When I grew up, in the 1950s, it was a time when researchers were still searching for Bridey Murphy and field and stream magazines still reported sightings of Bigfoot. Flying Saucer Magazine could be found at the drugstore magazine counter, and ESP was thought to have been a proven phenomenon at Duke University.
Concurrently we were administered first the Salk polio vaccine, and then the Sabin replacement. The 20th Century at its mid period was a time when science was coming on strong but beliefs in the strange and supernatural persisted deeply into the general culture of the day.
I liked science, just as I liked Mickey Mantle, but it resided in a place alongside the prophetic dreams of Edgar Cayce and the local church. As a noncritical child, I believed pretty much in everything, including the lost continent of Atlantis. The very fact that I have to provide links to some of these references shows the distance between today and then. Today most of this material has been relegated to the pages of the National Enquirer.
Science, in the meantime, has thrived and grown and has to a large degree undermined the realm of UFOs, yeti, and the supernatural. In places the local church is still thriving, but the numbers are dwindling every year as the congregations age and the true believers leave this life.
By the end of the 20th Century we were well on our way toward a new Age of Enlightenment, if by enlightenment we mean dispelling beliefs that have no provable basis in fact.
By this point in the 21st Century science and scientific thinking have become even more pervasive, despite outbreaks, particularly in the United States, of anti-scientific undercurrents such as anti-vaccination movements and anti-evolution legislation. Frustrating though they may be to a rational person, these movements will die out as surely as the search for Bridey Murphy. There is nothing real to sustain them.
I don’t mind this sea-change in perspective because I vowed, many years ago, not to believe in things for which there was no good evidence. In my case, this included religion.
However, one area I see fading away causes me some lamentation: the receding of mythology as a force of the psyche.
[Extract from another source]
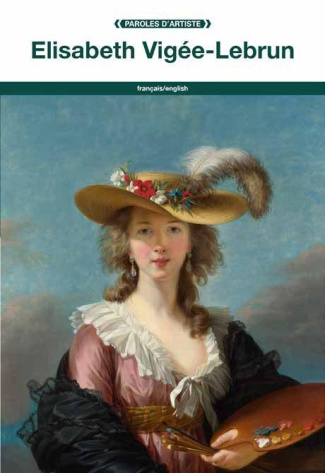 Elisabeth Vigée-Le Brun. Edition bilingue français-anglais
Through the 60s and 70s it seemed that Carl Jung, with his archetypes, and popularizers of Jungian thinking, like Joseph Campbell, had somehow tapped into the wellspring of the human spirit. Mythic stories run deep through our emotions and often lead us to a feeling of epiphany. Of all the things I’ve given up from my youth, mythology is the hardest. I don’t mean myth as story—which is eternally fascinating—but myth as something fundamental to the human psyche.
But as brain science knowledge spreads, it seems the concept of a psyche is little more than a brain construct—a side effect of consciousness. Of course there is pushback to this kind of materialistic thinking, a kind of Cartesian split of brain/mind, but it’s difficult for a rational person to see much basis in fact for this view. Nonetheless the idea of a brain/mind split reaches far back in Western philosophy and is hard to shake off simply because it’s been with us for so long.
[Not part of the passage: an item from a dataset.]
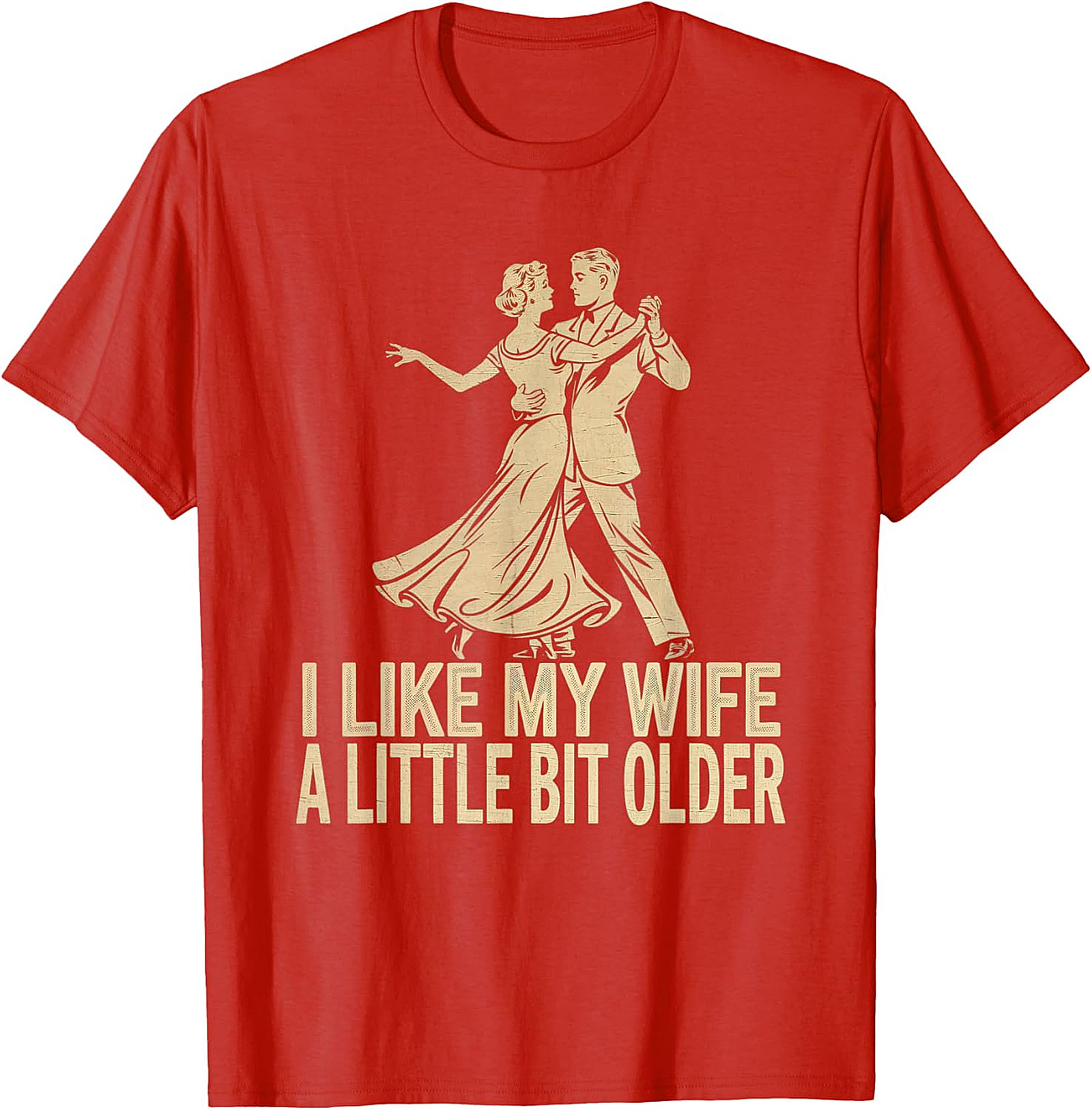 I Like My Wife A Little Bit Older - Funny Husband T-Shirt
Like the measles, however, belief in a psyche can be inoculated against by sticking with the hard evidence. In time it will be seen to be as mythical as the lost continent of Atlantis—a pretty, captivating story, but unsustainable as a model of reality.
Dispensing with old beliefs, especially cherished ones, is difficult. Yet the rewards of maintaining evidence-based reasoning outweigh the pain of parting with wish-fulfillment, faith-based beliefs. It cleanses thinking and prepares one for the real world. There comes a time when it’s necessary, for good mental hygiene, to say farewell to Atlantis.